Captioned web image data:
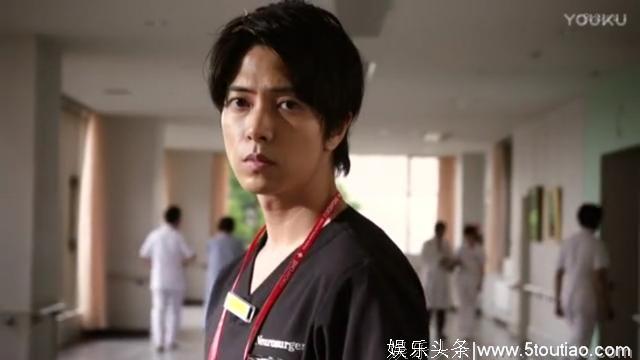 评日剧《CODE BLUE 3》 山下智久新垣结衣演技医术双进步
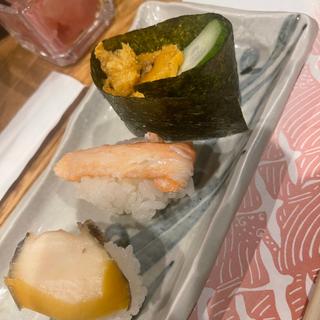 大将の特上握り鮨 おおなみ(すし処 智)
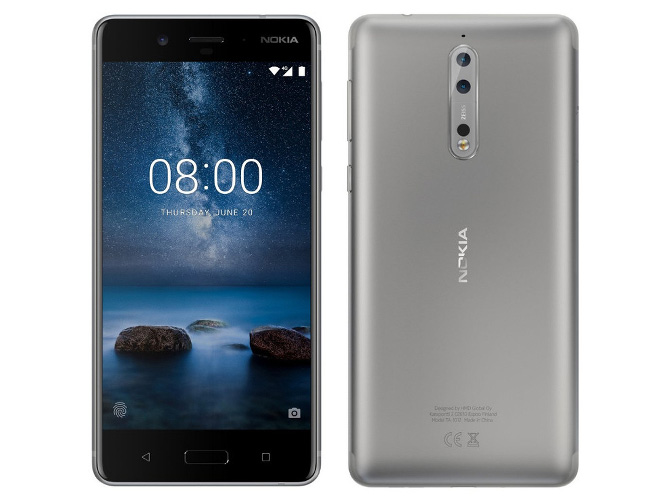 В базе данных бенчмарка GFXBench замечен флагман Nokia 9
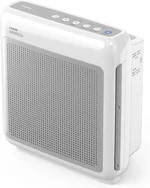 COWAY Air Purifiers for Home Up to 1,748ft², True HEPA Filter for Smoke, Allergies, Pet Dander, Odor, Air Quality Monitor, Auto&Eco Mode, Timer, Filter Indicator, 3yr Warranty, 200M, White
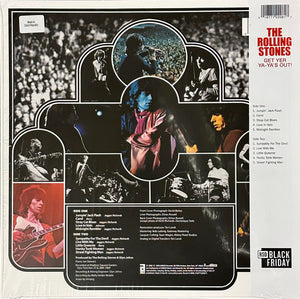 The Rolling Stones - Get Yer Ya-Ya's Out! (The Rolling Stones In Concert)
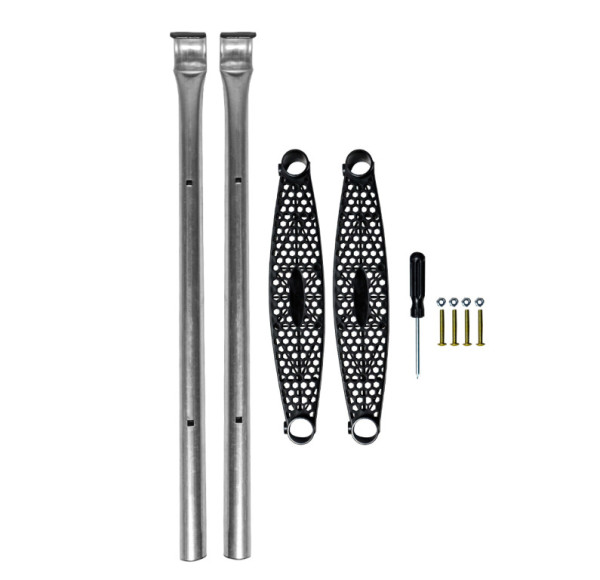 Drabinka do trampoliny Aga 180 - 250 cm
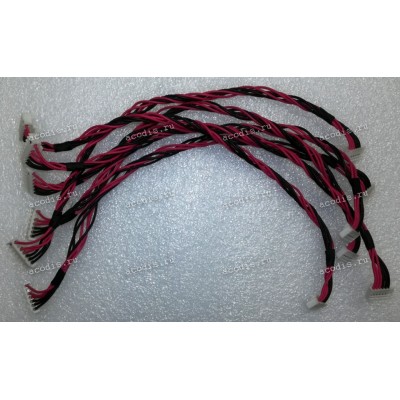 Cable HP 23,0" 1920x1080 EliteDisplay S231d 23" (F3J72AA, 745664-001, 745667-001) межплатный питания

■ **Task**
Generate a word-for-word copy of the preceding records, excluding all pictures.

■ **Your response**
 评日剧《CODE BLUE 3》 山下智久新垣结衣演技医术双进步
 大将の特上握り鮨 おおなみ(すし処 智)
 В базе данных бенчмарка GFXBench замечен флагман Nokia 9
 COWAY Air Purifiers for Home Up to 1,748ft², True HEPA Filter for Smoke, Allergies, Pet Dander, Odor, Air Quality Monitor, Auto&Eco Mode, Timer, Filter Indicator, 3yr Warranty, 200M, White
 The Rolling Stones - Get Yer Ya-Ya's Out! (The Rolling Stones In Concert)
 Drabinka do trampoliny Aga 180 - 250 cm
 Cable HP 23,0" 1920x1080 EliteDisplay S231d 23" (F3J72AA, 745664-001, 745667-001) межплатный питания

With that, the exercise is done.